*** Data extract Section Begins ***

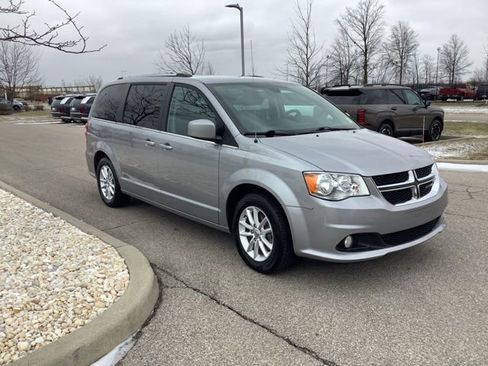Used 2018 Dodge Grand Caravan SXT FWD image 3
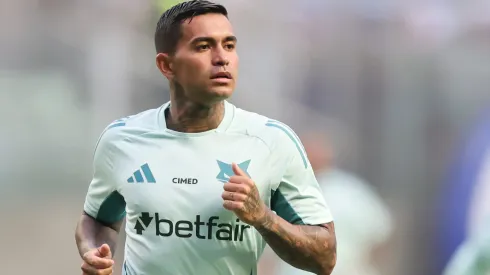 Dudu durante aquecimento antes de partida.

*** Data extract Section Ends ***
*** Data extract Section Begins ***

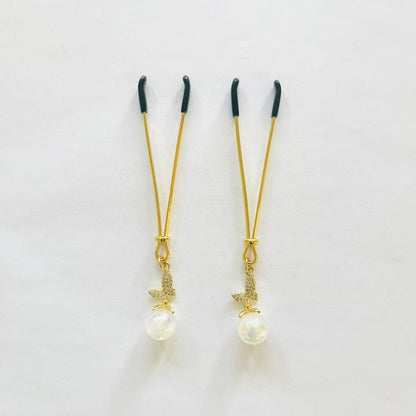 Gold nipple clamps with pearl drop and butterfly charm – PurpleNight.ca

*** Data extract Section Ends ***
*** Data extract Section Begins ***

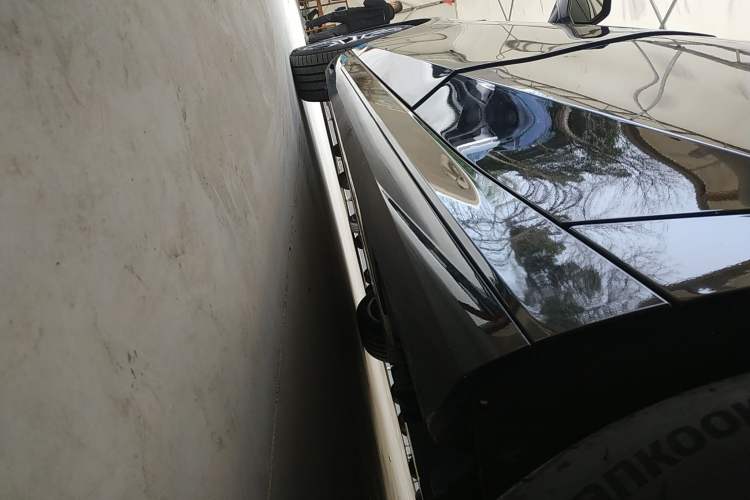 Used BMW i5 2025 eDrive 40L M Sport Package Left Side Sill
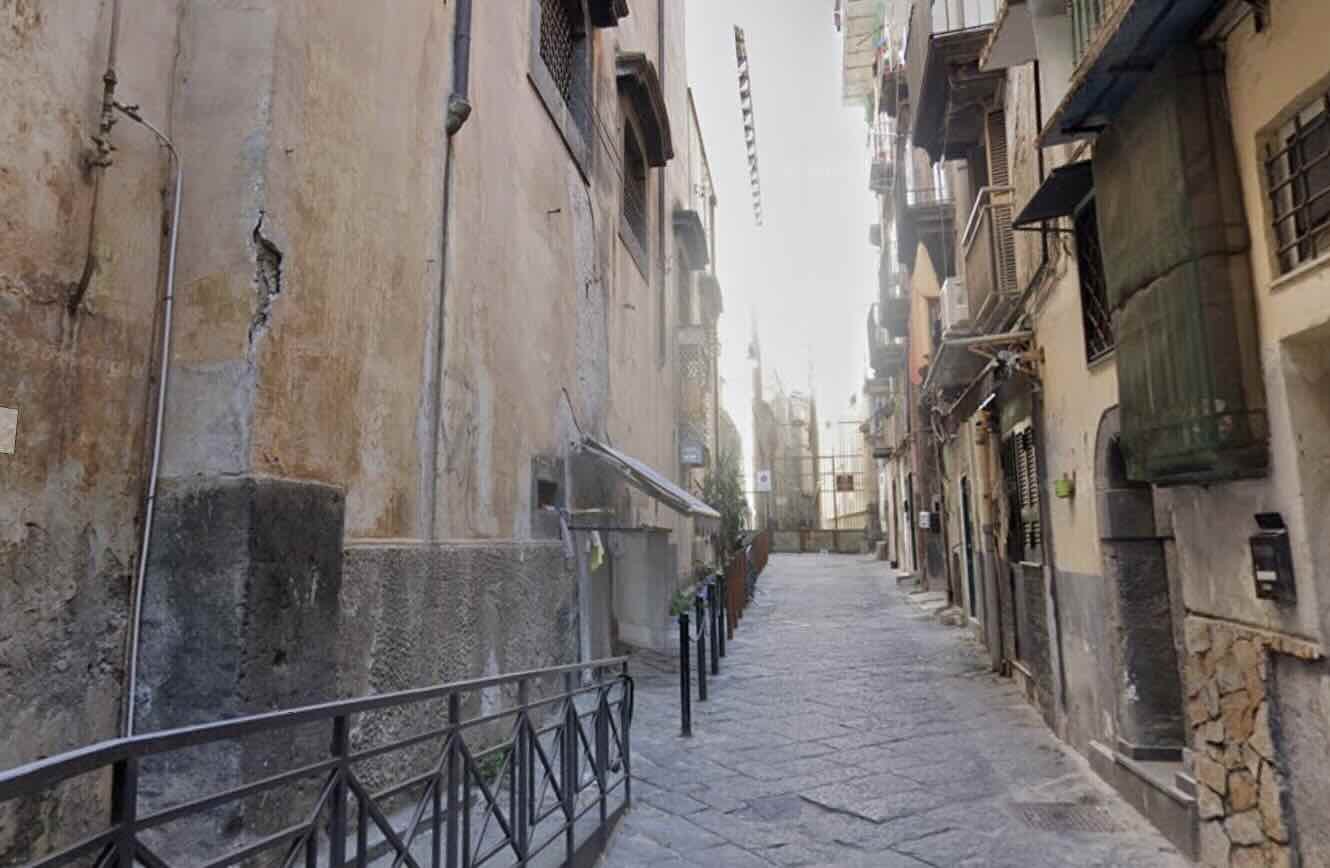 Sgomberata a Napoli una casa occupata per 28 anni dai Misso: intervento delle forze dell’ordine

*** Data extract Section Ends ***

Task directions: The data above holds the lines to copy: start at the one with "Used BMW i5", stop at the one with "Sgomberata a Napoli", include both, copy them exactly without pictures, and copy nothing else.

Answer box:
 Used BMW i5 2025 eDrive 40L M Sport Package Left Side Sill
 Sgomberata a Napoli una casa occupata per 28 anni dai Misso: intervento delle forze dell’ordine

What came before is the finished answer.